Division of Hematology/Oncology, University of Florida Health Cancer Center, University of Florida, Gainesville, FL.
Interdisciplinary Center for Biotechnology Research, University of Florida, Gainesville, FL.
Blood. 2024 Oct 3;144(14):1508-1520. doi: 10.1182/blood.2024024518.
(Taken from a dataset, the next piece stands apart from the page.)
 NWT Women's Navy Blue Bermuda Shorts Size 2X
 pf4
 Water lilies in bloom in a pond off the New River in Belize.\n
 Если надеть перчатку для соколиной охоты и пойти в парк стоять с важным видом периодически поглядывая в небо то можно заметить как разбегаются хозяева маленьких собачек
The histone H3 at lysine 27 (H3K27) demethylase lysine demethylase 6A (KDM6A) is a tumor suppressor in multiple cancers, including multiple myeloma (MM). We created isogenic MM cells disrupted for KDM6A and tagged the endogenous protein to facilitate genome-wide studies. KDM6A binds genes associated with immune recognition and cytokine signaling. Most importantly, KDM6A binds and activates NLRC5 and CIITA, which encode regulators of major histocompatibility complex genes. Patient data indicate that NLRC5 and CIITA are downregulated in MM with low KDM6A expression. Chromatin analysis shows that KDM6A binds poised and active enhancers and KDM6A loss led to decreased H3K27ac at enhancers, increased H3K27me3 levels in body of genes bound by KDM6A, and decreased gene expression. Reestablishing histone acetylation with an HDAC3 inhibitor leads to upregulation of major histocompatibility complex expression, offering a strategy to restore immunogenicity of KDM6A-deficient tumors. Loss of Kdm6a in Kirsten rat sarcoma virus (K-RAS)-transformed murine fibroblasts led to increased growth in vivo associated with decreased T-cell infiltration.
组蛋白 H3 赖氨酸 27 去甲基化酶赖氨酸去甲基化酶 6A(KDM6A)是多种癌症(包括多发性骨髓瘤 [MM])中的肿瘤抑制因子。我们构建了 KDM6A 缺失的同基因 MM 细胞,并对其内源蛋白进行标记,以促进全基因组研究。KDM6A 与与免疫识别和细胞因子信号相关的基因结合。最重要的是,KDM6A 结合并激活 NLRC5 和 CIITA,它们分别编码主要组织相容性复合体基因的调节剂。患者数据表明,在 KDM6A 表达水平较低的 MM 中,NLRC5 和 CIITA 下调。染色质分析表明,KDM6A 结合了处于静止和活跃状态的增强子,而 KDM6A 的缺失导致增强子上的 H3K27ac 减少、KDM6A 结合的基因的 H3K27me3 水平增加,以及基因表达减少。用 HDAC3 抑制剂重建组蛋白乙酰化导致主要组织相容性复合体表达上调,为恢复 KDM6A 缺陷肿瘤的免疫原性提供了一种策略。Kirsten 鼠肉瘤病毒(K-RAS)转化的鼠成纤维细胞中 Kdm6a 的缺失导致体内生长增加,与 T 细胞浸润减少相关。